Overview of the DBMS_SQLHASH Package

The DBMS_SQLHASH package can check data integrity by making use of hash algorithms. It provides an interface to generate the hash value of the result set returned by a SQL query. Hash values are like data fingerprints and are used to ensure data integrity. DBMS_SQLHASH provides support for several industry standard hashing algorithms, including MD4, MD5, and SHA-1 cryptographic hashes.

Oracle Database installs the DBMS_SQLHASH package in the SYS schema. You can then grant package access to existing users and roles as required.

DBMS_SQLHASH includes the GETHASH function that is used to retrieve the hash value of a query result set. The GETHASH function runs one of the supported cryptographic hash algorithms against the result set of the SQL statement to arrive at a hash value.
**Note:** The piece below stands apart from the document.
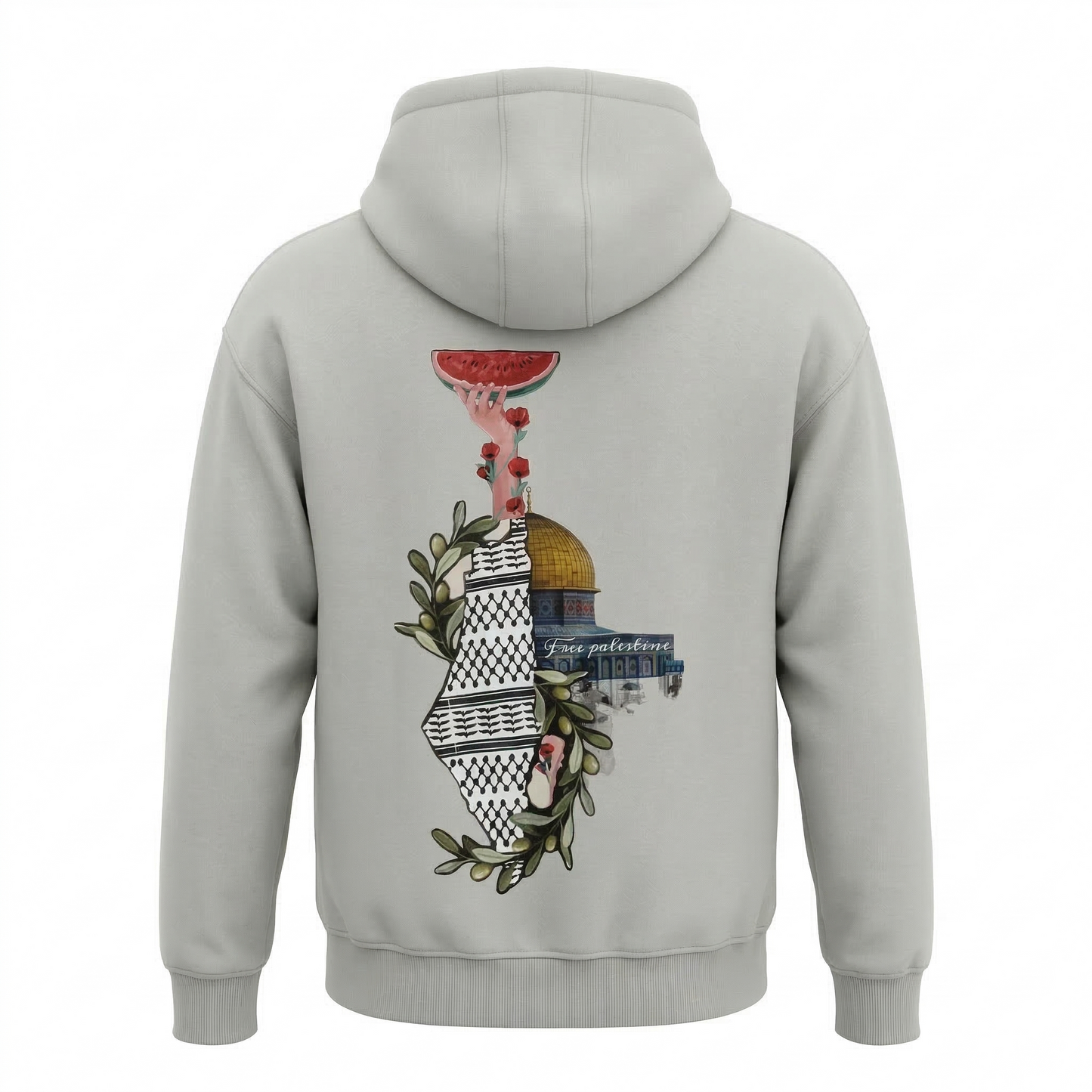 Palestine Heritage Egyptian Cotton Hoodie – Cultural Map Artwork Print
You can compare hash values to check whether data has been altered. For example, before storing data, Laura runs the DBMS_SQLHASH.GETHASH function against the SQL statement to create a hash value of the SQL result set. When she retrieves the stored data at a later date, she reruns the hash function against the SQL statement using the same algorithm. If the second hash value is identical to the first one, then data has not been altered. Any modification to the result set data would cause the hash value to be different.

The DBMS_SQLHASH.GETHASH Function

This function applies one of the supported cryptographic hash algorithms to the result set of the SQL statement.

Syntax

DBMS_SQLHASH.GETHASH(
            sqltext IN varchar2,
                            digest_type IN BINARY_INTEGER,
    chunk_size IN number DEFAULT 134217728)
   RETURN raw;

Parameters

Table B-1 lists the GETHASH parameters and their descriptions.
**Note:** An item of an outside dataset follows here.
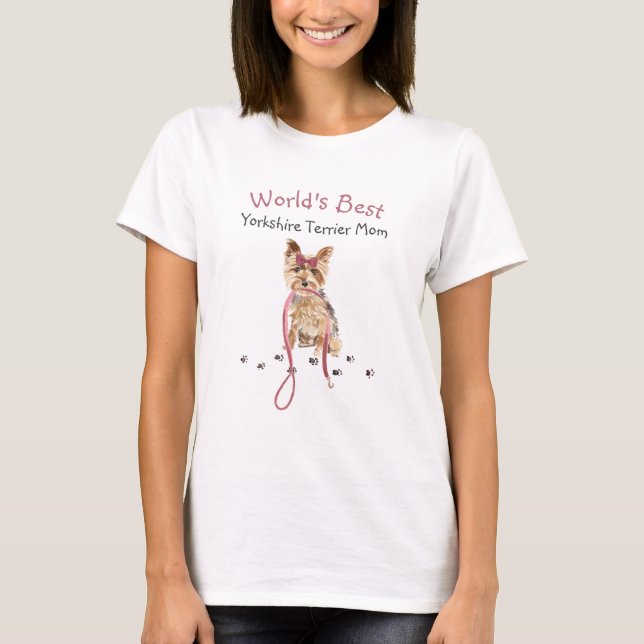 T-shirt Meilleur Yorkshire Terrier Maman Aquarelle mignonn (Devant)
Table B-1 GETHASH Function Parameters

Parameter Name Description

sqltext

The SQL statement whose result is hashed

digest_type

Hash algorithm used: HASH_MD4, HASH_MD5 or HASH_SH1

chunk_size

Size of the result chunk when getting the hash

When the result set size is large, the GETHASH function will break it into chunks having a size equal to chunk_size. It will generate the hash for each chunk and then use hash chaining to calculate the final hash. The default chunk_size is 128 MB.